Entonces fuimos a la que resultó ser casa de los padres de Ano y Asno. Ahí querían cobrarnos lo mismo, solo que estábamos ahora a un par de kilómetros de la costa. Luego de una corta e incomoda conversación con la familia, Angga ofreció alojarnos gratis en la fábrica de composta. Aunque muy agradecidos con la oferta, le pedimos que nos llevara de regreso donde Komping, pues ahí nos quedaríamos al menos la primera noche. Nos despedimos de Asno y Ano, así como de sus padres, y Angga nos condujo de vuelta.

Frente a nuestro nuevo hogar, nos echamos unas chelas para festejar el arribo, luego otras. Lourenço se adelantó a buscar algo de cenar, encontrándose en el camino una guitarra con la que empezó a ganarse el cariño de los locales. Esa noche conocimos a un adolescente que trabajaba de mesero en uno de los warungs de la playa principal y que curiosamente era súper fanático de la lucha libre mexicana. Nos presumió las numerosas fotos que tenía guardadas en su teléfono, particularmente de Rey Misterio (y entre las cuales a veces aparecían algunas pornográficas de mujeres desnudas pero con burca). Luego de unos deliciosos soto ayam (caldo de pollo) y otras cervezas, decidimos continuar explorando Batu Karas y dirigirnos hacia donde parecía estar tocando una banda en vivo. Aunque muy talentosa, la banda limitaba su repertorio a éxitos de los ochenta y de Bob Marley, washawasheando con mucho corazón las mismas canciones de Brian Adams, Bon Jovi y Rod Stewart que habíamos escuchado a bordo del tren.
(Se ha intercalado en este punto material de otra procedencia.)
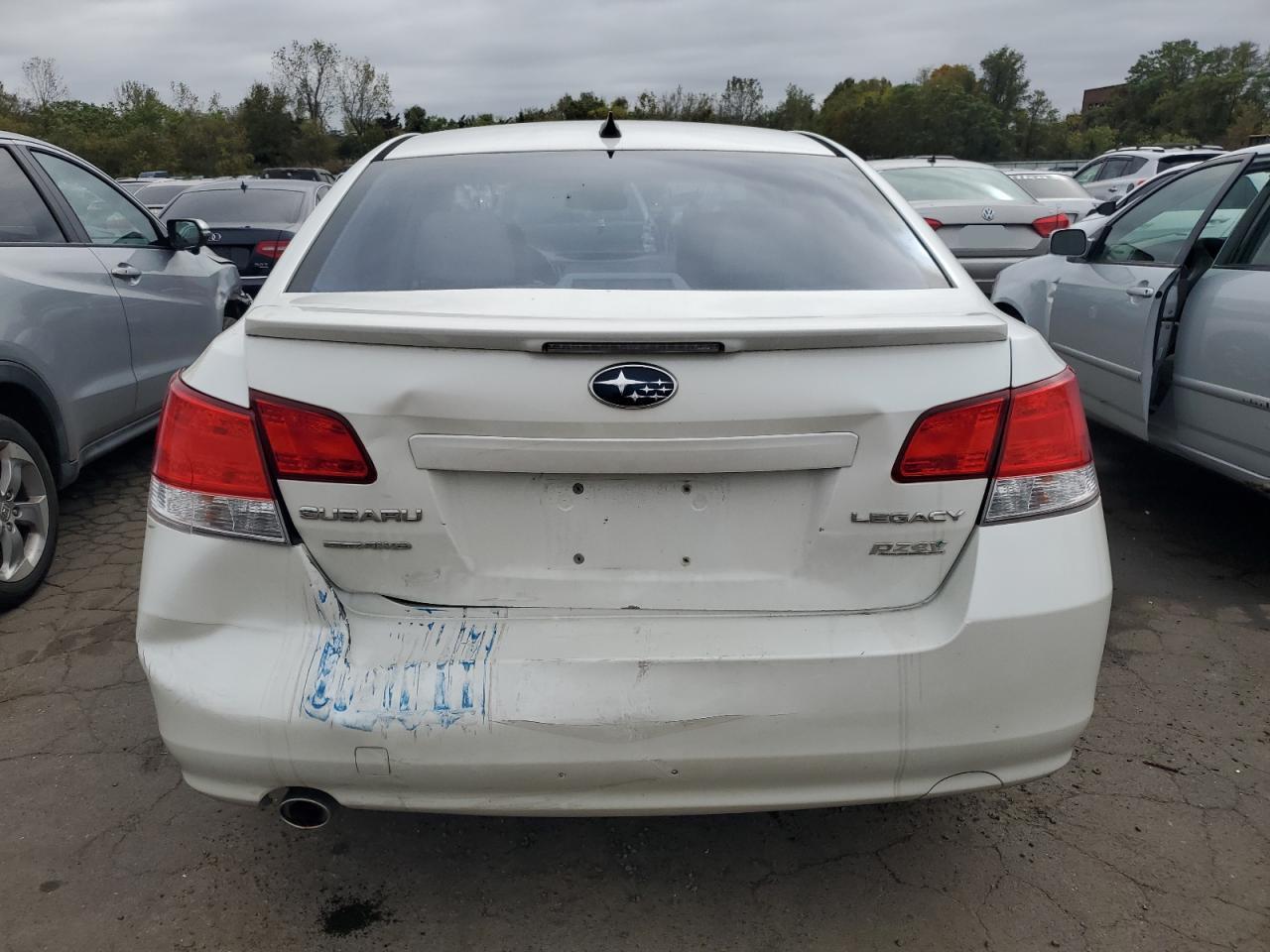 2011 Subaru Legacy 2.5I Limited VIN: 4S3BMBK64B3252667 Lot: 86490425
Había poca gente en el lugar pero se sentía lleno y acogedor. De pronto se nos acercó un simpático pelón australiano llamado Marty, con el que empezamos a cotorrear mientras nos acercábamos poco a poco a las escasas mujeres que había en el bar.

Cuando repitieron la de No woman no cry y ya todas las mujeres del lugar nos habían dado el avión, decidimos que era buen momento para retomar la exploración del pueblo. Cruzamos el cerro que divide la bahía de Batu Karas de una playa muy larga y alcanzamos a percibir, a gran distancia, música que claramente indicaba una gran fiesta. Con chela en mano, caminamos hasta dar con ella y en la entrada unos indonesios notaron que estamos dudando entrar. En lugar de batearnos, insistieron que no había problema con que nos coláramos y uno de ellos nos llevó de la mano a unas hieleras gigantes donde encontramos unas cervezas mucho más frías que los caldos con los que habíamos llegado. No tardamos mucho en darnos cuenta que habíamos crasheado una boda en la que a todos ya se les habían pasado las copas, pues varios estaban nadando en la alberca totalmente vestidos y a cada rato caía uno más. Nos tomamos la cerveza y decidimos que, antes de que nos tiraran al agua o agrediera un mala copa, convenía volver a nuestra exclusiva bahía y dormir.

Con esta bienvenida a Batu Karas concluyó la Odisea que habíamos emprendido la tarde anterior y que había implicado transporte en taxi, tren, moto, lancha, panga, peseros, triciclos y pickup, pero dado que habíamos llegado de noche, tendríamos que esperar al día siguiente para saber si había o no valido todo el sudor.